Thursday, April 28, 2016

From Inclusive Left To Excluding Right


Colombo Telegraph
By Charles Ponnuthurai Sarvan –April 28, 2016
Prof. Charles Sarvan
Prof. Charles Sarvan
Lilies, if they fester, smell far worse than weeds ~ (From Shakespeare’s sonnet, No. 94)
The caption above is derived from, and relates to, a book by Daniel Oppenheimer titled Exit Right: the People Who Left the Left and Reshaped the American Century. Oppenheimer studies the character and career of six apostates, individuals who left the visionary politics of the Left and moved to the extreme right. Where did they start off from, and where did they end? Why did they change belief, values and commitment? What were the consequences? To cite one case, David Horowitz, once in the New Left movement, son of members of the Communist Party, came to recognise and champion his Jewish identity.
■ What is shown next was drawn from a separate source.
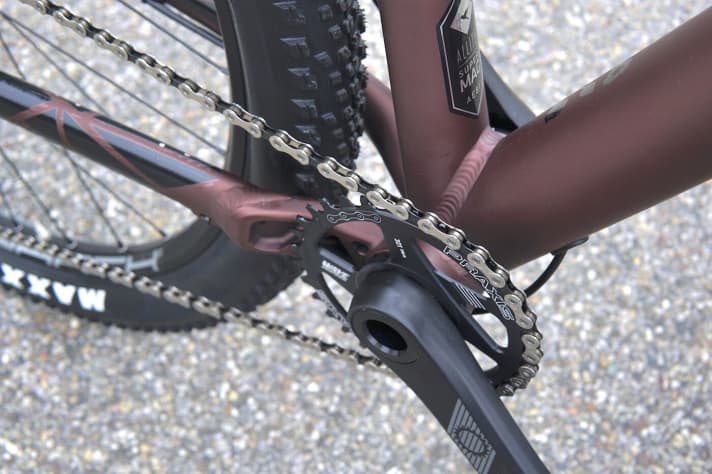   The new magnesium alloy is designed to make the frame particularly rigid and relatively light. The material is also 100% recyclable.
He’s now, among other things, director of a website that tracks individuals and organisations on the political left; opposes ‘political correctness’ and left-orientation in academia; is unsympathetic to the suffering of Africans under the slave trade, claiming that Africans and Arabs are as much complicit, and is fiercely anti-Islam. “There’s no zealot like a convert” applies as much in politics and public life as it does in religion.
Very often, discussion is at cross-purposes because crucial terms are not defined. Working towards a clarification of ‘socialism’, I suggest that though the concept has political and social implications, its foundation is a certain approach to economic organisation and control. The emphasis being on economic structure, socialists see society along the horizontal lines of class. While Moslems, Sinhalese and Tamils (alphabetical order) or Buddhists, Christians, Hindus and Moslems can, and do, belong to the upper, middle and working classes, a vertical division would categorise individuals according to ‘race’, religion or skin-colour – irrespective of individual income – and place them in different, mutually-excluding, categories. (Caste can be said to have both the horizontal and vertical axes but is not relevant to the present exploration.) Thus, racism and socialism cannot co-exist; a ‘racist’ cannot be a socialist, though some fondly and determinedly make that claim: it’s remarkable how we human beings easily accommodate, and comfortably live with, contradiction. The Nazis labelled themselves National Socialists but had nothing to do with socialism. On the contrary, they exterminated the socialists they could get their hands on.